Investors should avoid Philippine stocks and reduce exposure to local assets, according to a unit of London-based Oxford Economics, which warns that economic risks could intensify even if tensions in the Middle East ease.
Yan Wang, chief emerging markets and China strategist at Alpine Macro, said the Bangko Sentral ng Pilipinas' (BSP) decision to hike interest rates in response to the oil shock deals a "double hit" to an economy still reeling from a major corruption scandal.
The Philippines is caught in a classic emerging-market policy trap, Wang explained: tightening monetary policy into slowing growth risks triggering a vicious cycle where higher rates deepen the downturn, weaken the currency, and force further hikes.

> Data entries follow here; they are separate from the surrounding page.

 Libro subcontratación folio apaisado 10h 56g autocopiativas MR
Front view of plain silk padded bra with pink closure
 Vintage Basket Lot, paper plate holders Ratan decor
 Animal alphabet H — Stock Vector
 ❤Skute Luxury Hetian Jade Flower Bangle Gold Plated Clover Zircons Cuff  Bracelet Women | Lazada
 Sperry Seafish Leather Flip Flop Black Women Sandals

This combination is negative for asset prices.
While macro stability remains intact, it is "deteriorating at the margin," Wang noted.

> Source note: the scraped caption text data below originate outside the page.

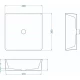 Раковина для ванной комнаты накладная Uperwood Square (39 см, квадратная, черный)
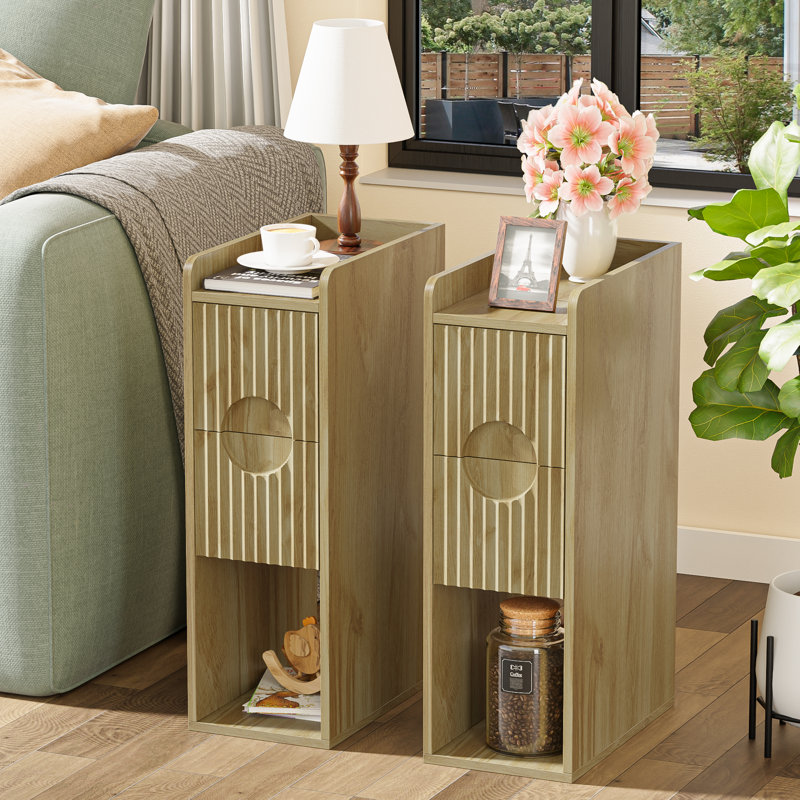 Space-Saving Narrow Nightstand with 2 Drawers and Open Storage, Oak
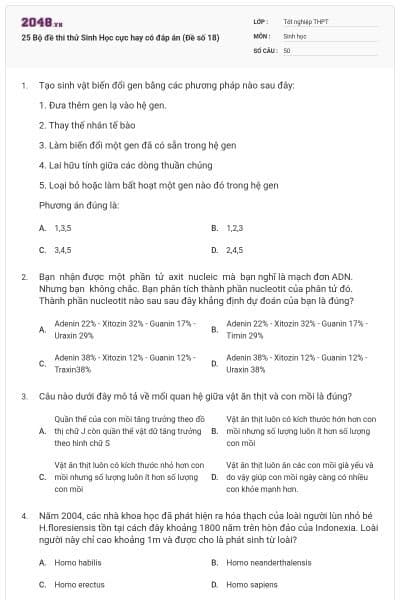 25 Bộ đề thi thử Sinh Học cực hay có đáp án (Đề số 18)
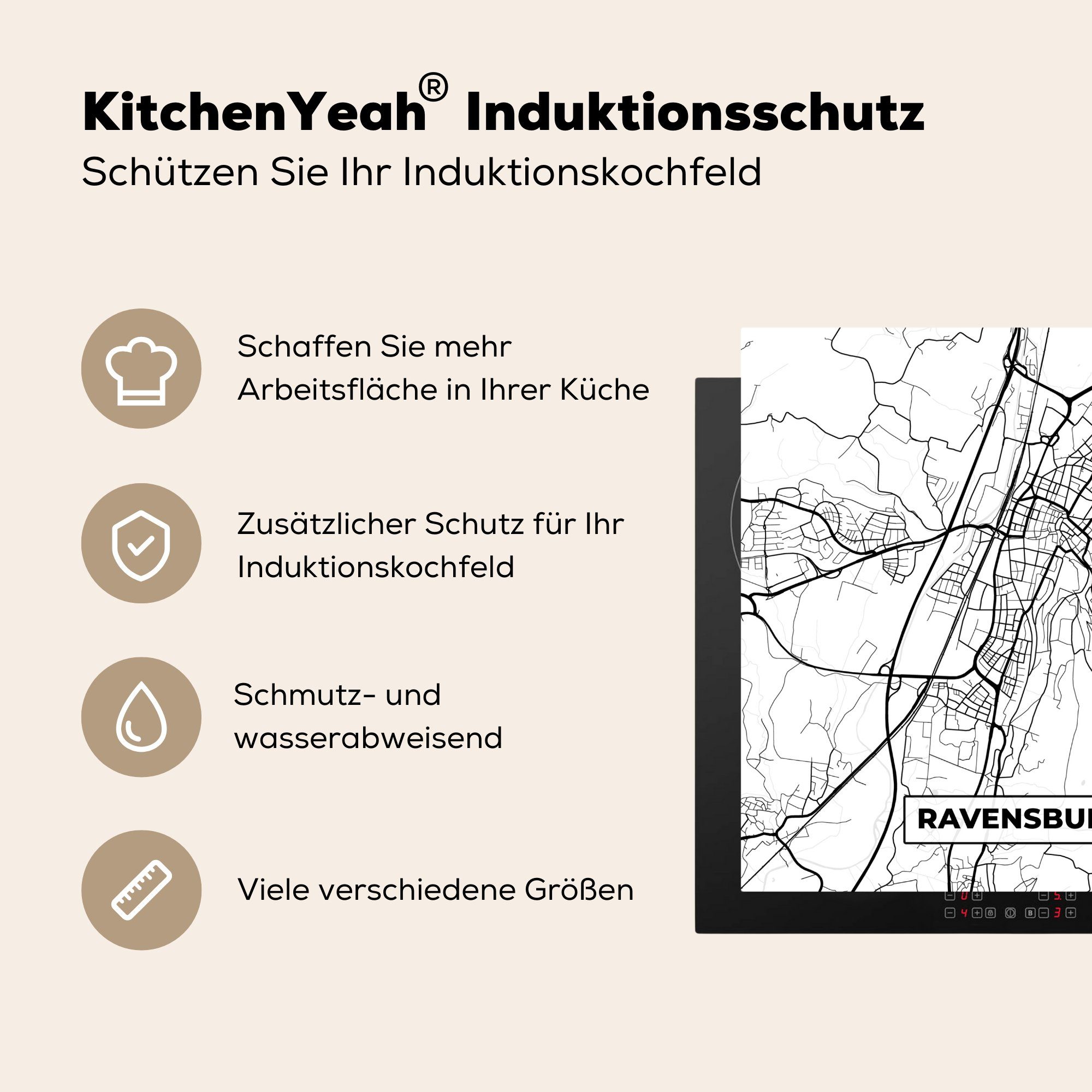 für - Ravensburg tlg), Vinyl, Herdblende-/Abdeckplatte Arbeitsplatte Karte MuchoWow 78x78 cm, - küche (1 Stadtplan, Ceranfeldabdeckung,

"Philippine equities trade at a discount to the emerging market benchmark, but the near-term outlook remains unfavorable," he said. "The Philippines has been among our least favored markets since the Iran conflict and the shift toward tighter policy further reinforces the bearish case."

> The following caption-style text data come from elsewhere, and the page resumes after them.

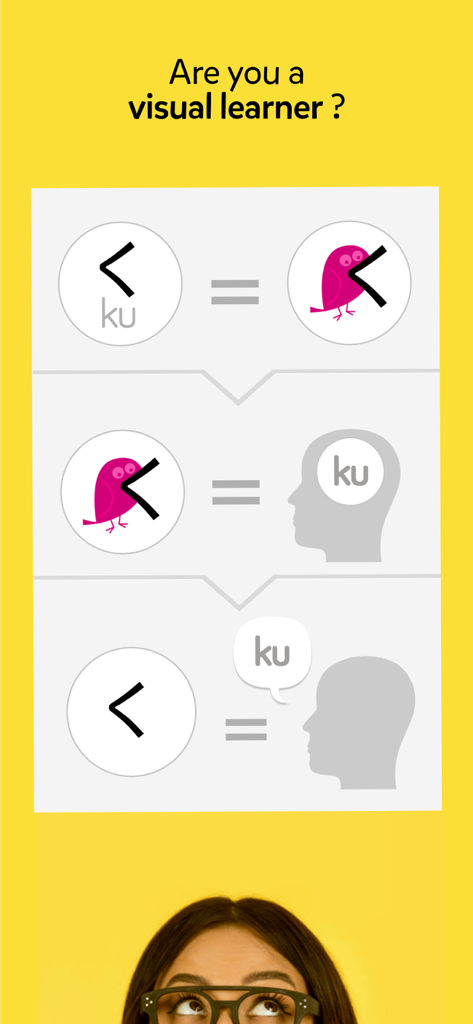 Learn Languages with Dr. Moku - Dr. Moku app screenshot showing visual mnemonics for the Japanese character ku using a bird illustration.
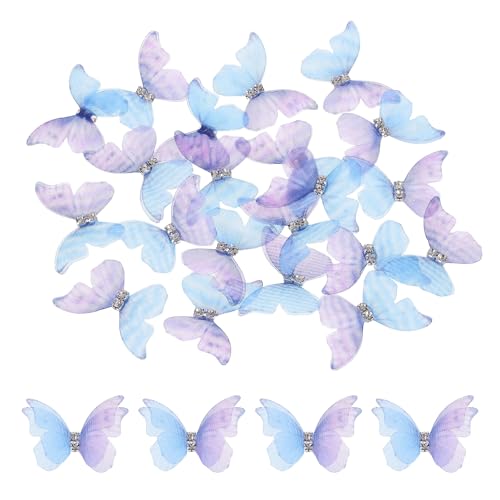 sourcing map 20 Stück durchsichtige Netz-Schmetterling-Applikationen, 30 mm, zweilagige Schmetterlinge mit Edelstein-Applikation, DIY, 3D-Handwerk, Ornament für Hochzeit, Party, Heimdekoration von sourcing map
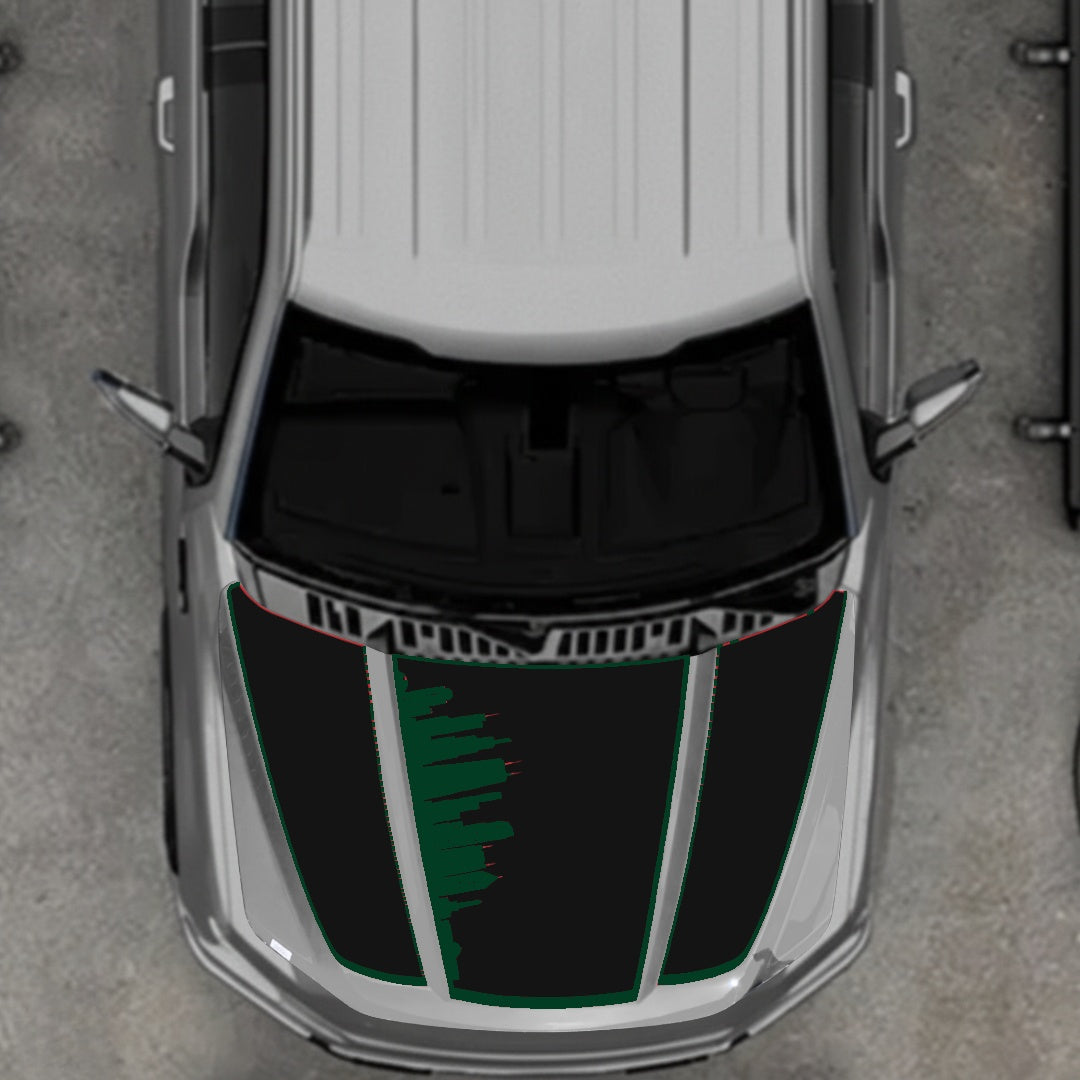 Hood Panel Decal/Sticker - Dubai - Border Graphic Kit - For Ford F-150 2020-2026 - Premium Vinyl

Last week, the BSP raised its key rate by a quarter point to 4.5 percent—the first tightening in over two years. Officials described the move as "preemptive" due to a worsening inflation outlook as the Middle East conflict persists.
Wang acknowledged the central bank's dilemma, noting limited policy levers to cushion the shock. The fiscal deficit, at nearly 6 percent of GDP, leaves little room for meaningful fiscal support.
Administrative measures are also constrained, he said. Despite the declaration of a national energy emergency, the country's highly deregulated energy sector limits government intervention.
The oil crisis exacerbates structural challenges, including heavy reliance on crude imports from the Middle East and limited domestic refining capacity.
Wang added that the remittance- and business-process-outsourcing-driven growth model is under strain. Remittances remain critical but contribute to a brain drain, while the BPO industry faces long-term disruption from artificial intelligence.